═══ Data extracts
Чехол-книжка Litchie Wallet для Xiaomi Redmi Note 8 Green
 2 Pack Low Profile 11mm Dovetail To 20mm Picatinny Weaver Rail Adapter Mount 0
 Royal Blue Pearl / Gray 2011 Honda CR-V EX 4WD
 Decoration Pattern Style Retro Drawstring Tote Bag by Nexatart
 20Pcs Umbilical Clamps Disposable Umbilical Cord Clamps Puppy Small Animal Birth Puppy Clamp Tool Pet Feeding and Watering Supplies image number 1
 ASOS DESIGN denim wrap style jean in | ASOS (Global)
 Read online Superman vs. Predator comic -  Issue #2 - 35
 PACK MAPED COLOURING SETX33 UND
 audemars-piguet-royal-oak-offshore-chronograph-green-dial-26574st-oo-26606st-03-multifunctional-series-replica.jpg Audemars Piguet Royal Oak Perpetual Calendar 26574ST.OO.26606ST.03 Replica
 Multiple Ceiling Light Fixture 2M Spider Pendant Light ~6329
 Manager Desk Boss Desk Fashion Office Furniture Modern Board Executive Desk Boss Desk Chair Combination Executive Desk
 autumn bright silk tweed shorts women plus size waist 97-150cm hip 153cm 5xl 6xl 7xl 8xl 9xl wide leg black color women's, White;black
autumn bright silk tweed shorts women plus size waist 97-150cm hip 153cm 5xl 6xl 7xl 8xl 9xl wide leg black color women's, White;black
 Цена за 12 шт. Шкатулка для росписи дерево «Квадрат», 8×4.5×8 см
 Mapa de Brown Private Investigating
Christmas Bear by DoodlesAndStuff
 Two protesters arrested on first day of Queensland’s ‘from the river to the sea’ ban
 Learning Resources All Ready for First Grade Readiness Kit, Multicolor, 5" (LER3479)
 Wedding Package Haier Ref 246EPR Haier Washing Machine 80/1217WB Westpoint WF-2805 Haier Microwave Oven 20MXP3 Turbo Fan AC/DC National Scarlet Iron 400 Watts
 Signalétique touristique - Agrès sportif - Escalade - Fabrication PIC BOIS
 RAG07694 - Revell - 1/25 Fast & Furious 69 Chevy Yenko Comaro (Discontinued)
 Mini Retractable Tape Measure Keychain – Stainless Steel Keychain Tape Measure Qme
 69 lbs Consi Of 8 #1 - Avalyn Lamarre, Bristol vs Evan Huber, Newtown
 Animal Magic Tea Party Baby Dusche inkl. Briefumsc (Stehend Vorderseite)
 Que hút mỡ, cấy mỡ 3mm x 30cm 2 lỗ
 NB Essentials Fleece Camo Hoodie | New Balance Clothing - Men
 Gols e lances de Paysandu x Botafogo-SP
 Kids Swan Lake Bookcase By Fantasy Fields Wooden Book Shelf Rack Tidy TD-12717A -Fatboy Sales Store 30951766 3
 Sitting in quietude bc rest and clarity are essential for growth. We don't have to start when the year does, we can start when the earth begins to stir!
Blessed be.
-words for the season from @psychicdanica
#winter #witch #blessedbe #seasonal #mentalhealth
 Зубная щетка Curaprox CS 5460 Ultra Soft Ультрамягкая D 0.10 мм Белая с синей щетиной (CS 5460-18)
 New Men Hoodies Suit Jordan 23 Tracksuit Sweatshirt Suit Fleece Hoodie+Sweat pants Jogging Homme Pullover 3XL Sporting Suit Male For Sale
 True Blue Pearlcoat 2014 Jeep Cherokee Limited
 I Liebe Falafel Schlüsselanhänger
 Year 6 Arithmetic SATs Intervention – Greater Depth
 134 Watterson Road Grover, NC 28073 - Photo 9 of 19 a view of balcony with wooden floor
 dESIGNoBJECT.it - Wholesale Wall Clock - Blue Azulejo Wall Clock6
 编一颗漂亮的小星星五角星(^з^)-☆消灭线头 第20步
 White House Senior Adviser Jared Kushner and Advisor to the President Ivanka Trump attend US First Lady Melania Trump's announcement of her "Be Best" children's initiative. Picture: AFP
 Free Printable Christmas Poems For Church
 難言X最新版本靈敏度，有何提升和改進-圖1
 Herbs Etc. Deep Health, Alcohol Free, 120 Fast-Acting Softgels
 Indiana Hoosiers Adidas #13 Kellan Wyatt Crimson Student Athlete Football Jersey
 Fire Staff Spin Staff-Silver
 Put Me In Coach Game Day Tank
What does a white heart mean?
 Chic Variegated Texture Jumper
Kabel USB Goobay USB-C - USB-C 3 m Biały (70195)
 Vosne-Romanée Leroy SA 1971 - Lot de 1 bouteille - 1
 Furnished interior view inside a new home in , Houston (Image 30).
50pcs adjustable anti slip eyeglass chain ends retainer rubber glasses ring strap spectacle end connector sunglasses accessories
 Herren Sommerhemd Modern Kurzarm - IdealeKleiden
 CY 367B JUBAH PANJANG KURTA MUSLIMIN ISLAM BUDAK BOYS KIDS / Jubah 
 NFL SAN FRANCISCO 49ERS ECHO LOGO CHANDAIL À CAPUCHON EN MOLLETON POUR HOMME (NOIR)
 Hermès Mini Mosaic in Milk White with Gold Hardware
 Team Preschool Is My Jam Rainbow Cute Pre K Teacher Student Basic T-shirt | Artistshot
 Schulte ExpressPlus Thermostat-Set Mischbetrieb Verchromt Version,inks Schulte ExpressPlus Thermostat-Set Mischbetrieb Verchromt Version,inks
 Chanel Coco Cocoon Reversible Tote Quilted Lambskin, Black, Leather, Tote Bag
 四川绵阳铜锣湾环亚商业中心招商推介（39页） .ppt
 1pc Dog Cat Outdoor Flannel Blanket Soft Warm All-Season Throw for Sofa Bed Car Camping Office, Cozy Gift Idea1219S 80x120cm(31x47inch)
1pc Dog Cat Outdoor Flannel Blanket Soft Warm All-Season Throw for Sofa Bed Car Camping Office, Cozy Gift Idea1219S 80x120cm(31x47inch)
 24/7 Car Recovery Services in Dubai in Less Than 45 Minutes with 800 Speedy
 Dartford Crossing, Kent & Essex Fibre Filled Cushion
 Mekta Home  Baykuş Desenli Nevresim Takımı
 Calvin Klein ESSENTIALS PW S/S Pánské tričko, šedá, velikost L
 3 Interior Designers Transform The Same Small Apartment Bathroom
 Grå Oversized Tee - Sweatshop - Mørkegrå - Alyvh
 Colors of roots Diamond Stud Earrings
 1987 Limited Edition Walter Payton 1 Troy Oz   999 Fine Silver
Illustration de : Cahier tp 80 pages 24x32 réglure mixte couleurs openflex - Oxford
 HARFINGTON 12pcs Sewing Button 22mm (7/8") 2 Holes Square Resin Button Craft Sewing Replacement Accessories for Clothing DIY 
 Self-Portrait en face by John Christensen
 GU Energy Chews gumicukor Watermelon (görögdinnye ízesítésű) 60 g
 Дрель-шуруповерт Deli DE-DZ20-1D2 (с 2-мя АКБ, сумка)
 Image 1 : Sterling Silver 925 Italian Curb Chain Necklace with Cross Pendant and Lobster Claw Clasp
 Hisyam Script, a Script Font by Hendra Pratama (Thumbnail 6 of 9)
══════
- [Action item]
In the entries above, find each line with "wide" and copy it.

- [Written solution]
 autumn bright silk tweed shorts women plus size waist 97-150cm hip 153cm 5xl 6xl 7xl 8xl 9xl wide leg black color women's, White;black
autumn bright silk tweed shorts women plus size waist 97-150cm hip 153cm 5xl 6xl 7xl 8xl 9xl wide leg black color women's, White;black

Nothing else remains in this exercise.